*** Block opens ***
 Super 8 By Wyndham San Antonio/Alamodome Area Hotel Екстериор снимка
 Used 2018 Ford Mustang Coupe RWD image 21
*** Block closes ***
*** Block opens ***
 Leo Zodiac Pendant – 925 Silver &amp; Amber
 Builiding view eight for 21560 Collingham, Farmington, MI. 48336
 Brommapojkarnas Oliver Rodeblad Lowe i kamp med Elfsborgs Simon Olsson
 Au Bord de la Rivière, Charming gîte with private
*** Block closes ***
### Work request
Look back at the entries above and repeat, unchanged, every line from the line holding "Super 8 By Wyndham" through the line holding "Used 2018 Ford Mustang Coupe RWD image 21".

### Output of the task
 Super 8 By Wyndham San Antonio/Alamodome Area Hotel Екстериор снимка
 Used 2018 Ford Mustang Coupe RWD image 21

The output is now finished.